Further, the contrast ratio of the output image can be increased without changing the thickness of the glass of the output window of the X-ray image tube, and the output image is formed on the image pickup device located at the subsequent stage of the X-ray image tube. The complicated design work for changing the power of the imaging lens to be imaged or optimizing the refractive index of the material of the lens and the cost thereof are reduced.

[Brief description of the drawings]

FIG. 1 is a schematic diagram showing an example of an X-ray image tube to which an embodiment of the present invention is applied.

FIG. 2 is a schematic diagram showing another example of the output unit of the X-ray image tube shown in FIG.

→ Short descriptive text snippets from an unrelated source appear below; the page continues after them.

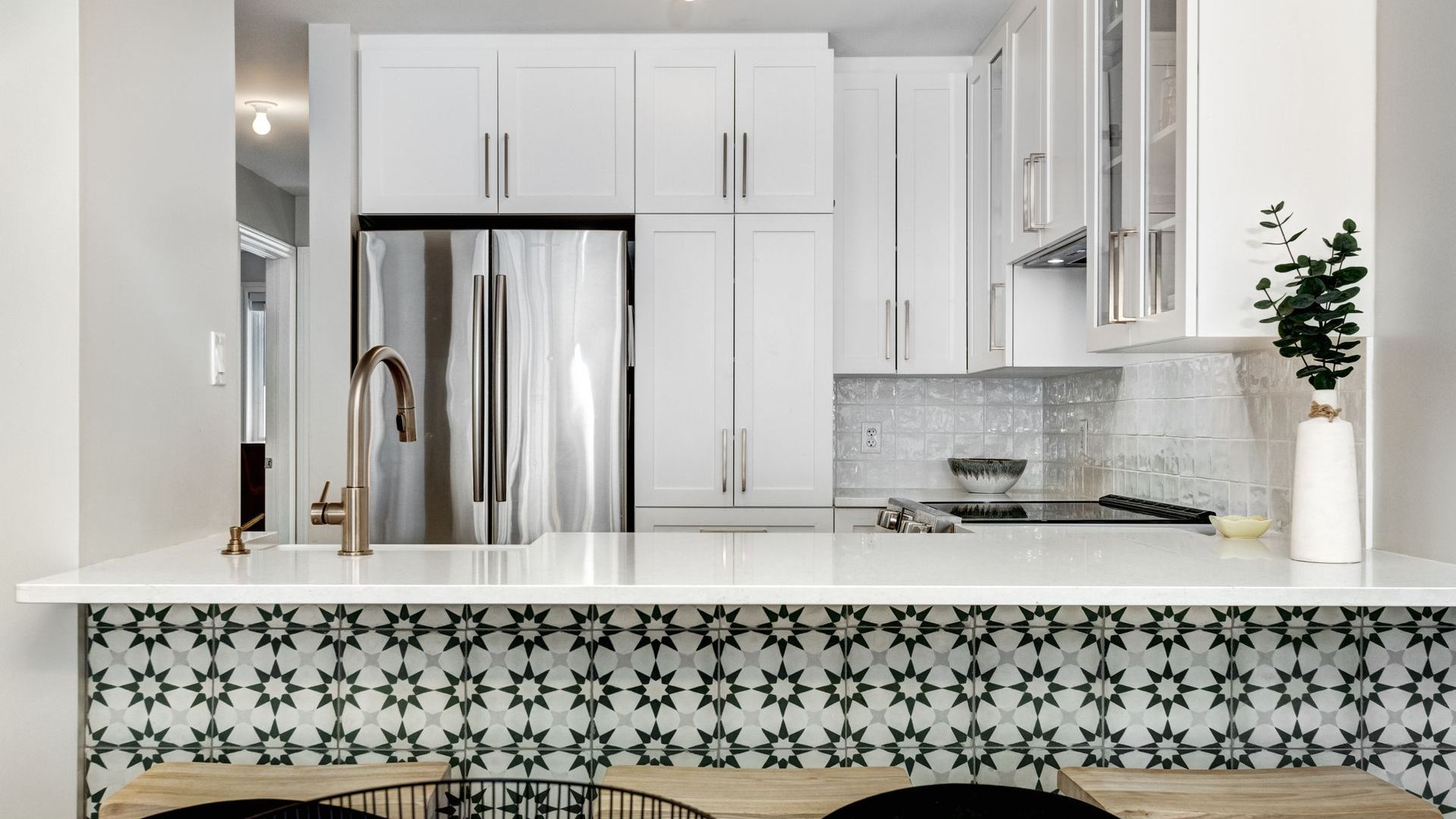 Modern kitchen with white counter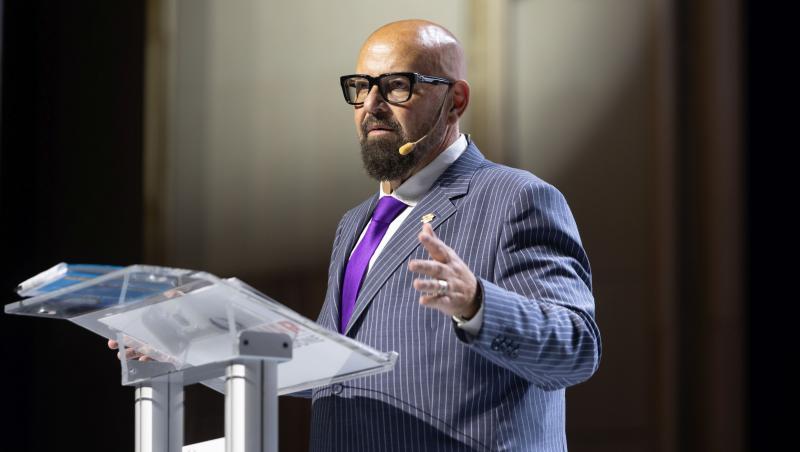 Ce spune Piedone despre parizerul din magazine. Cum sunt păcăliți oamenii de fapt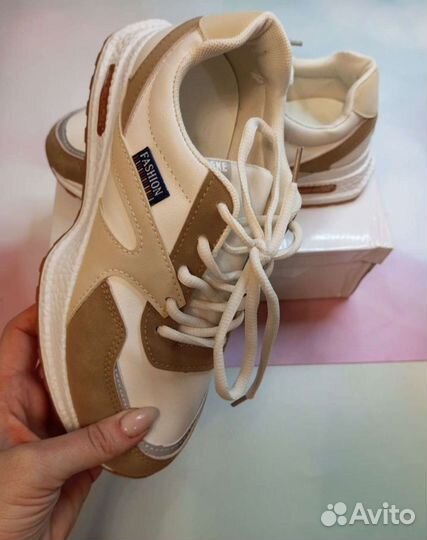 Кроссовки для девочки 37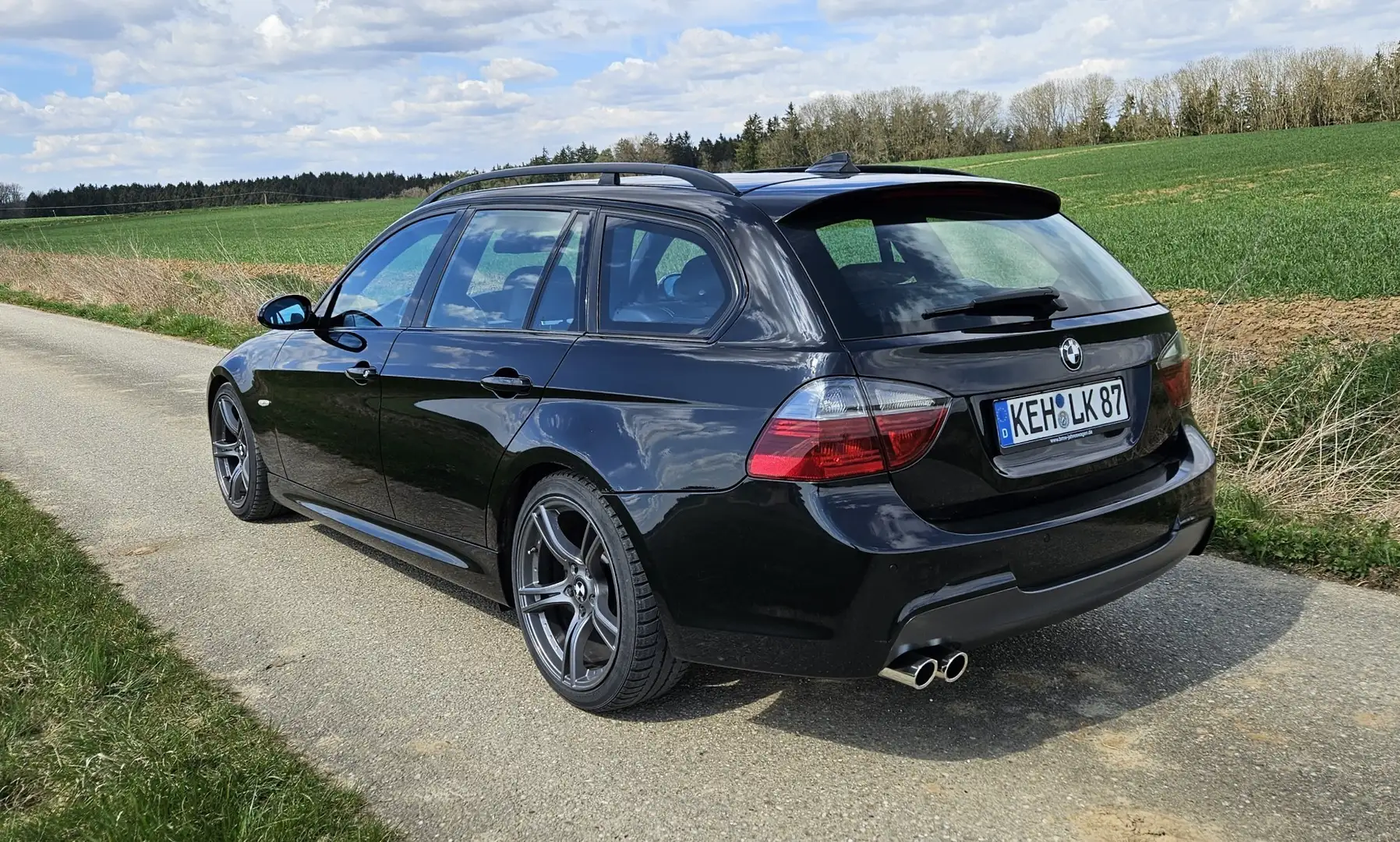 BMW 325 M-Paket | Top-Ausstattung Schwarz - 2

FIG. 3 is a schematic diagram showing another example of the output unit of the X-ray image tube shown in FIG.

[Explanation of symbols]

 DESCRIPTION OF SYMBOLS 1 ... X-ray image tube, 11 ... Vacuum envelope, 11a ... Output window, 13 ... X-ray input surface, 15 ... Image output part, 15a ... Fluorescence output surface, 17 ... Focusing electrode, 19 ... Acceleration electrode, 35 ... Image output unit, 35a: fluorescent output surface, 37: transmission spectrum regulating member, 55: image output unit, 55a: fluorescent output surface, 57: band-pass filter.

Claims (5)

[Claims] An X-ray image in which an input screen is arranged on an input side in a vacuum envelope, an output screen and an anode are arranged on an output side, and a focusing electrode is provided along a side wall of the vacuum envelope. In the tube, the transmittance of a glass serving as a substrate of the output screen or an output window forming a part of the vacuum envelope passes at least through the emission spectrum of the output screen, and the transmittance of the other spectrum is 10%. An X-ray image tube characterized by the following. 2. An X-ray image in which an input screen is arranged on an input side in a vacuum envelope, an output screen and an anode are arranged on an output side, and a focusing electrode is provided along a side wall of the vacuum envelope. In the tube, the transmittance of a glass serving as a substrate of the output screen or an output window forming a part of the vacuum envelope is at least the output screen provided by a transmission spectrum regulating member externally attached to the output window. And the transmittance for the other spectrum is 1
An X-ray image tube characterized in that the transmittance is regulated so as to be 0% or less. 3. An X-ray image in which an input screen is arranged on an input side in a vacuum envelope, an output screen and an anode are arranged on an output side, and a focusing electrode is provided along a side wall of the vacuum envelope. In the tube, the transmittance of a glass serving as a substrate of the output screen or an output window forming a part of the vacuum envelope is emitted by at least the output screen by a bandpass filter externally attached to the output window. Pass through the spectrum of light, and the transmittance for the other spectrum is 1
An X-ray image tube characterized in that the transmittance is regulated so as to be 0% or less. 4. The output screen, wherein the regulating member is formed of glass serving as a substrate of the output screen or glass having a refractive index substantially equal to a refractive index of an output window forming a part of the vacuum envelope. 3. The fixing device according to claim 2, wherein said glass is fixed to said output window by an adhesive having a refractive index substantially equal to that of an output window forming a part of said vacuum envelope. Line image tube. 5. The band-pass filter has a transmittance of 45.
For 0 nm and 600 nm, roughly 50%, 52
The X-ray image tube according to claim 3, wherein the X-ray image tube has a wavelength of approximately 90% at 5 nm.